### EXERCISE INSTRUCTIONS
Return the material unaltered, line by line.

### GIVEN RECORDS

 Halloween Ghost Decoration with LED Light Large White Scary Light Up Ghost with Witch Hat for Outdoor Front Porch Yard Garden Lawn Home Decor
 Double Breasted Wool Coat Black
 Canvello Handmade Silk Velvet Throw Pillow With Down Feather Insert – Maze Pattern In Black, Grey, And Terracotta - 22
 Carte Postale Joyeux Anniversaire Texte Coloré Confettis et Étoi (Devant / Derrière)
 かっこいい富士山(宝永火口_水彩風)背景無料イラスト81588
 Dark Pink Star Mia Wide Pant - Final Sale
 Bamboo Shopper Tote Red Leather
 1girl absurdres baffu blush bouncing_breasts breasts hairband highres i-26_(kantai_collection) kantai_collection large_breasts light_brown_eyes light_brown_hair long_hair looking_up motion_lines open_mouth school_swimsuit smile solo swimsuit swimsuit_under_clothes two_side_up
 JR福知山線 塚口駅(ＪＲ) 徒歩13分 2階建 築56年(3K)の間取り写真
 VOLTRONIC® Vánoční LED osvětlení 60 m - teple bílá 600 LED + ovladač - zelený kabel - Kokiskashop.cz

### COMPLETED EXERCISE
 Halloween Ghost Decoration with LED Light Large White Scary Light Up Ghost with Witch Hat for Outdoor Front Porch Yard Garden Lawn Home Decor
 Double Breasted Wool Coat Black
 Canvello Handmade Silk Velvet Throw Pillow With Down Feather Insert – Maze Pattern In Black, Grey, And Terracotta - 22
 Carte Postale Joyeux Anniversaire Texte Coloré Confettis et Étoi (Devant / Derrière)
 かっこいい富士山(宝永火口_水彩風)背景無料イラスト81588
 Dark Pink Star Mia Wide Pant - Final Sale
 Bamboo Shopper Tote Red Leather
 1girl absurdres baffu blush bouncing_breasts breasts hairband highres i-26_(kantai_collection) kantai_collection large_breasts light_brown_eyes light_brown_hair long_hair looking_up motion_lines open_mouth school_swimsuit smile solo swimsuit swimsuit_under_clothes two_side_up
 JR福知山線 塚口駅(ＪＲ) 徒歩13分 2階建 築56年(3K)の間取り写真
 VOLTRONIC® Vánoční LED osvětlení 60 m - teple bílá 600 LED + ovladač - zelený kabel - Kokiskashop.cz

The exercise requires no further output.